Und zwischen den Zeilen schwingen dann
noch zwei Gedanken mit:
Der erste Gedanke:
Man darf dann auch wieder heiraten.
Der zweite Gedanke:
bei den Katholischen darf man das nicht.

Es kann aber passieren,
dass jetzt noch ein Gedanke
ü ber die Evangelischen dazu kommt:
Bei den Evangelischen gilt,
was in der Bibel steht.

Und was in der Bibel steht,
haben wir gerade gehört.
Oder wie Jesus die Sache sieht.
Denn in seiner Bibel ist tatsächlich gestanden,
dass es einem Mann frei steht,
sich von seiner Frau zu trennen,
wenn -
ich zitiere aus dem 5. Buch Mose:
wenn der Mann etwas Hässliches
an seiner Frau findet.

Stellt euch jetzt bitte folgende Szene vor:
Mama Gina steht genervt in der Küche.
Ihre Kittelschürze ist voll Flecken von Gugus Abendessen.
Papa Geri kommt vom Single – Shopping nach Hause.

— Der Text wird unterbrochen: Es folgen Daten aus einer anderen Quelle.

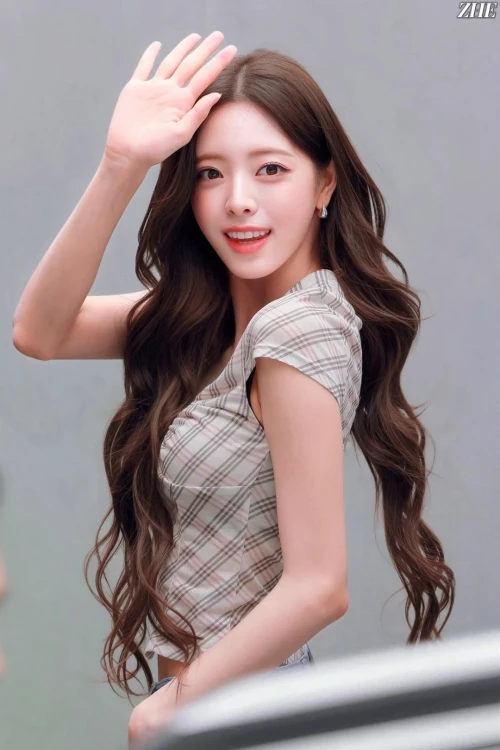 260519-yuna-v0-3otlijpfqf2h1.webp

Es wird ihm nicht schwer fallen,
etwas Hässliches an ihr zu finden.

Ich denke, wir sind uns einig,
dass es nicht schwer ist,
bei einem anderen Menschen
„ etwas Hässliches“ zu finden.
Egal in welcher Beziehung
man zu diesem Menschen steht.

Die einzige Ausnahme ist die Zeit,
der ersten Verliebtheit.
Nur in dieser Zeit
werden Gedichte geschrieben
Wie wir es im Hohelied Salomos lesen:

„Die Glut der Liebe ist feurig
...
sodass auch viele Wasser
die Liebe nicht auslöschen
und Ströme sie nicht ertränken können.“

Wasserströme vielleicht nicht –
Aber die Zeit und die Erfahrungen,
die wir miteinander machen.

Wenn wir einen anderen Menschen ansehen
und etwas Hässliches an ihm finden,
haben wir die Möglichkeit,
das ganz verschieden zu interpretieren:

Die Interpretation, die zur Zeit Jesu unter Ehemännern gängig war,
wird auch heute
in allen möglichen Beziehungen angewendet -
nicht nur unter Ehepartnern:

Da sieht einer etwas Hässliches bei
Der Mitarbeiterin
Bei der Ehefrau
Beim Vertragspartner
Bei der Schülerin
und sagt:
Du bist schuld.

Die andere Interpretation bietet Jesus an.
Es die unbequeme:
Er sagt:
Wenn du einen Menschen,
Mann oder Frau ansiehst,
und etwas Hässliches an ihm, an ihr findest,
und sagst: du bist schuld.
Du allein.
Wenn du das tust
leidest du an Hartherzigkeit.
Herzens Sklerose nennt es Jesus.

Die Bibel erzählt genug Trennungsgeschichten.
Ein haben wir gehört:
Wenn Abraham und Lot sich trennen,
geht der Bruch mitten durch eine Familie,
die bis dahin zusammen gelebt und gewirtschaftet hat.
Und doch ist in der Erzählung zu spüren,
dass hier Gottes Wille geschieht.
Weil Menschen sich trennen
Ohne den anderen hässlich zu machen.

Es ist mir wichtig, dass wir das festhalten:

Jesus geht aber in seiner Botschaft von Gott noch weiter:
Auch er betet mit dem Psalm heute morgen:
Gott heilt, die zerbrochenen Herzens sind,
und verbindet ihre Wunden.

Und er glaubt,
dass es kein zerbrochenes Herzen gibt,
und keine Wunden,
die Gott nicht heilen will und heilen kann.
Sein Leben – sein Umgang mit den Menschen,
erzählt das auf vielerlei Weise.

Darum können wir uns auf ihn berufen
Wenn in unserer Kirche Geschiedene wieder getraut und für eine neue Beziehung
gesegnet werden.
Weil wir in der Nachfolge Jesu daran festhalten,
dass Gott in jeder Situation
einen neuen Anfang schenkt.

Dafür sei ihm Lob und Preis in Ewigkeit.